Some people are decrying it as garbage, others are saying it's just the same as the other movies ... as for me, I'm somewhere in the middle. I never ever expected it to best either Raiders or Last Crusade, but figured it'd either beat or at the very least tie with Temple of Doom somewhere in the back of the pack.

My assumptions on my own opinion were indeed correct and this is where I stand. While it's a little bit too far fetched at a couple of junctures, twice in one set piece even, it never strides into territory where I'm still not entertained. In fact, the first truly far fetched sequence I absolutely had a blast during (aptly enough) ... it even tied into the quintessentially 1950s vibe of the film (while the predecessors were quintessentially 1930s, in that serial adventure vein in which the Jones films were forged).

Shia LaBeouf, as in Transformers and Disturbia, can do no wrong. The lad is consistently entertaining and talented, bringing a genuine warmth and humour to his roles which sit nicely with the audience. As for Ford, he certainly doesn't look too old for this film, not a jot - if Stallone can do Rambo aged 61, then Ford can do Indy 4 ... and pull it off he most certainly does.

It makes several nods to the previous films, but it never really obstructs proceedings too much, their inclusion feeling natural and necessary.

Mind you, it does get a bit wobbly half-way in before picking up ... at which point you're either with it till the end or you're lost for good. Indeed, what with it being the 1950s it is all a bit sci-fi ... but sci-fi in a jungle with blow pipes, monkies, copious cobwebbing and vines.

I say you're either with it by the end or not, and I stand by this. It does all get quite far fetched ... but then again Last Crusade featured a knight in a cave guarded by an invisible 'faith bridge' who'd been there for centuries guarding Jesus' dad's coffee cup. Raiders has the Ark of the Covenant, look at it and your face melts off ... and then there was Temple of Doom ... well, nuff said beyond monkey brains and that nutter tearing hearts out.

Needless to say Indy 4 will be the awkward sibling of the other three, tight-knit brothers. The new kid on the block will have to work to fit in with the rest of the franchise, but that was always going to be the case, so ignore that as much as possible - indeed, I purposefully didn't re-watch the first three prior to seeing the latest installment so that I could judge it purely on it's own.

I think one of the problems many of the film's detractors will have with it, is that they grew up watching Raiders, Temple and Crusade. There's a special place for them in their hearts and they don't look kindly upon shedding any negative light upon them. They don't like to seek out their flaws in order to cut the new kid on the block some slack ... indeed I can understand such a mindset.

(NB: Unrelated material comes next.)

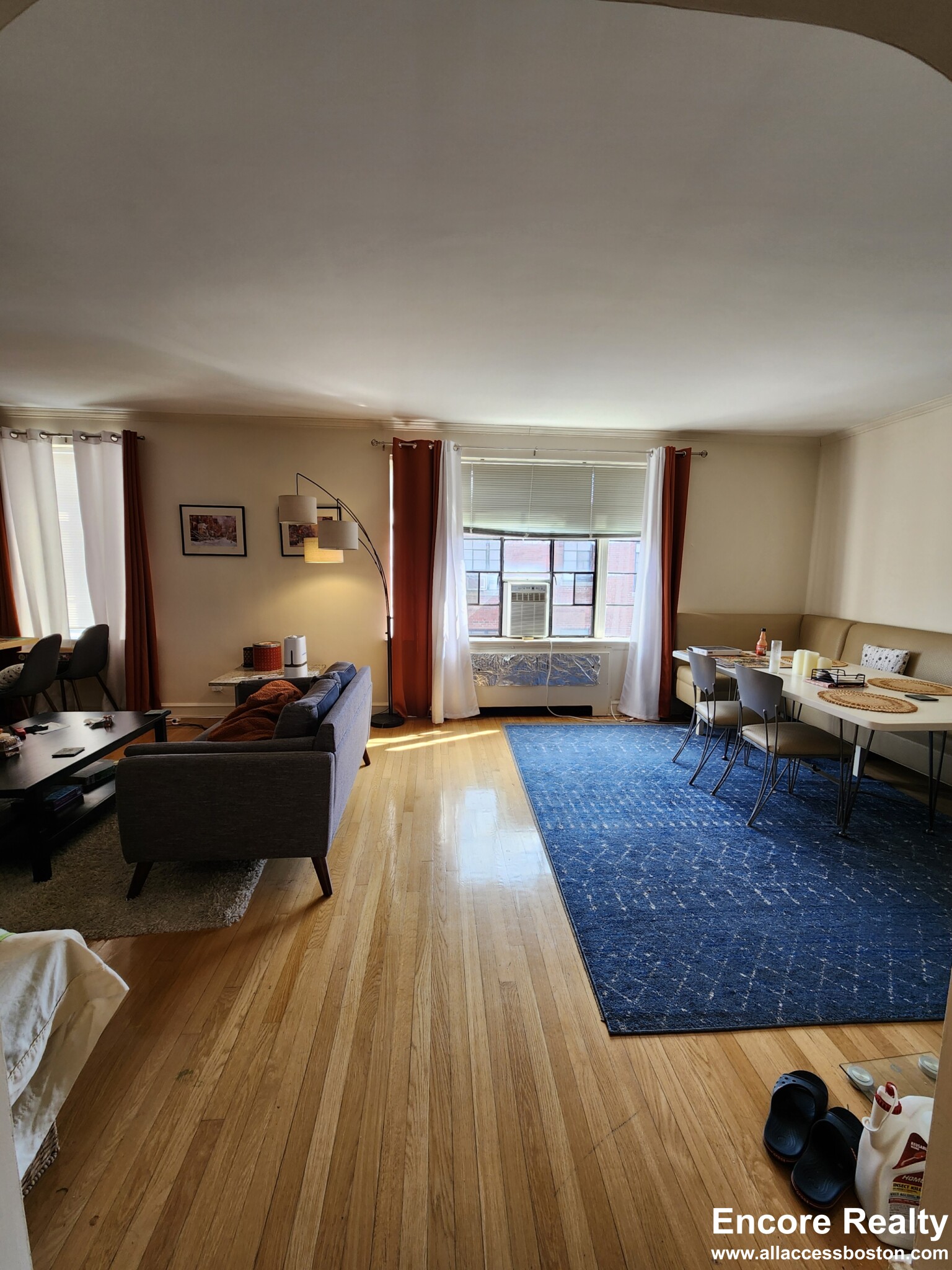 89 Longwood Ave, Coolidge Corner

Having re-watched many of my childhood favourites on DVD, I've rekindled my love for them and gone back in time to when I first viewed them. I recaptured that magic and wonder, but equally - perhaps this is exclusively down to my film school background though - I've also spotted the flaws, the audience-acknowledging smug bits, the lesser quality sequels and so forth ... but I still love them just as much, certainly not less.

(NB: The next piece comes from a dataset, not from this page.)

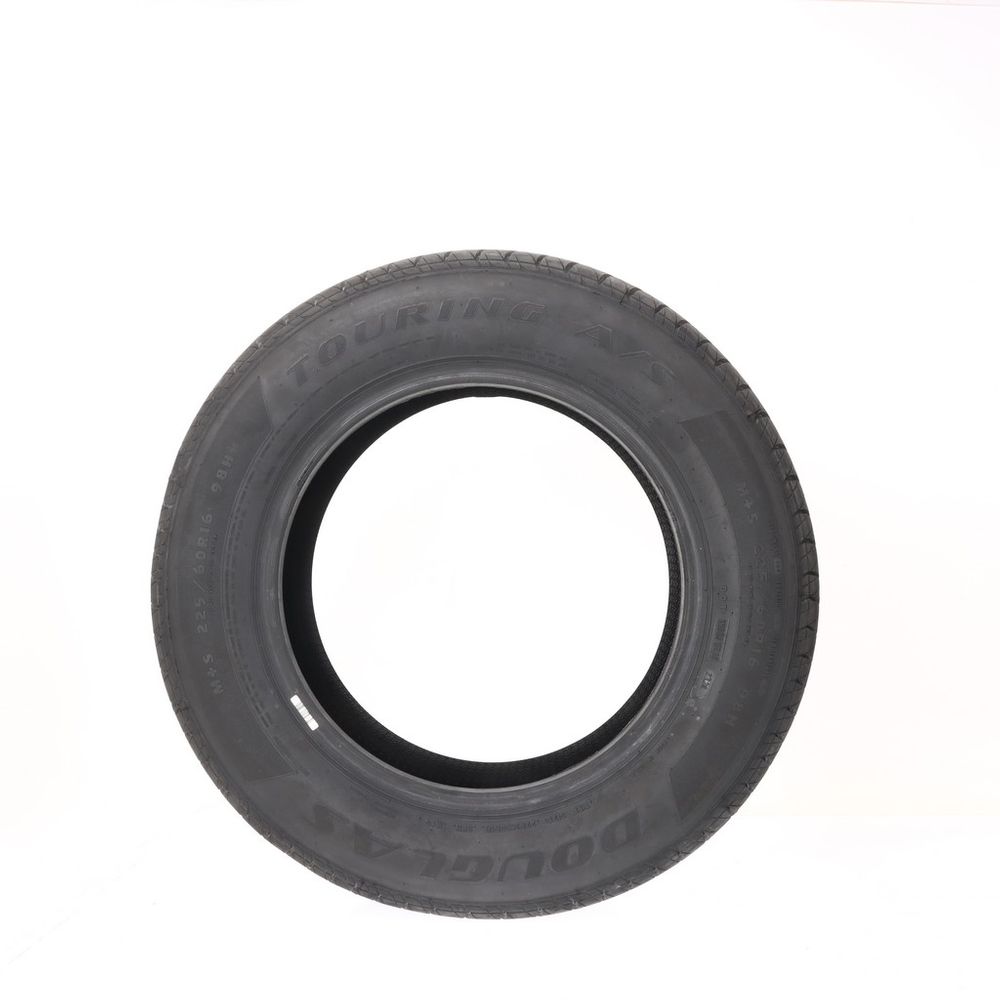 Driven Once 225/60R16 Douglas Touring A/S 98H - 9/32 - Image 3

With this in mind, I've cut Indy 4 some slack, but I do wonder if Lucas, Spielberg and Co's venture to recapture the magic and fun they had on set didn't fully translate to the film ... or at least the script, which is where any of the film's flaws originate.

Regardless, it's a fun romp and good to see Ford back in the Fedora. Certainly not the best - but it never was going to be - so it's at least as good as Temple of Doom, and frankly that's as much as could ever have been realistically expected ... so just enjoy it.

At least they didn't do a Die Hard 4.0 and water it all down and mutate the formula.

1 comment:

Danny Smith said...

Ive already been saying its probably my favorite indy movie, though i appear to be in a small minority but im pretty sure it was better than temple of doom.